Evaluation Metrics

Published

Sunday Jun 8, 2025

1 Bias

The question now arises: How good is \(\hat{p}\) as an estimator of \(p\)?

What we need are some criteria for assessing the quality of estimators. The bias of an estimator \(\hat{\theta}\) of \(\theta\) is \[\begin{equation} \bias{\hat{\theta}} = \E{\hat{\theta}} - \theta \end{equation}\]

If \(\bias{\hat{\theta}} = 0\), we say that \(\hat{\theta}\) is unbiased for \(\theta\).

In Example 1, what is the bias of \(\hat{p}\)? \[\begin{equation*} \E{\hat{p}} = \E{\frac{Y}{n}} = \frac{1}{n} \E{Y} = \frac{1}{n} np = p \end{equation*}\] Therefore, \[\begin{equation*} \bias{\hat{p}} = \E{\hat{p}} - p = p - p = 0 \end{equation*}\]
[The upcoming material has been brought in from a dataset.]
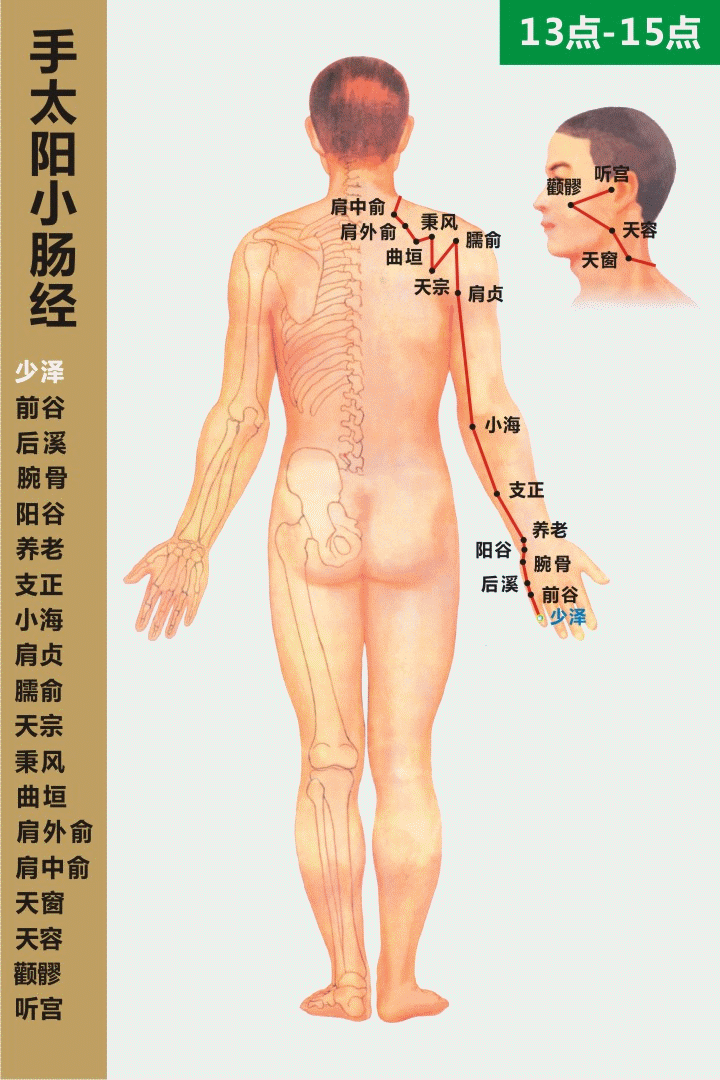 十二经络走向动态图 道家养生网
Hence, we know that \(\hat{p}\) is an accurate estimator. But, is \(\hat{p}\) also precise?

Well, precise means that we don’t want to have a highly variational estimator. In other words, we would like the estimator to have an estimate to be relatively close to the target on every sample as well.

2 Precision

Analogy: Target at a firing range:

Show the code
library(MASS)
library(ggplot2)
library(dplyr)
library(tidyr)

mu_accurate <- c(0, 0)
mu_inaccurate <- c(-3, 3)
sigma_accurate <- matrix(data = c(.5, 0, 0, .5), nrow = 2, ncol = 2)
sigma_inaccurate <- matrix(data = c(5, 0, 0, 5), nrow = 2, ncol = 2)

sample_size <- 30

points1 <- mvrnorm(n = sample_size, mu = mu_accurate, Sigma = sigma_accurate)
points2 <- mvrnorm(n = sample_size, mu = mu_accurate, Sigma = sigma_inaccurate)
points3 <- mvrnorm(n = sample_size, mu = mu_inaccurate, Sigma = sigma_accurate)
points4 <- mvrnorm(n = sample_size, mu = mu_inaccurate, Sigma = sigma_inaccurate)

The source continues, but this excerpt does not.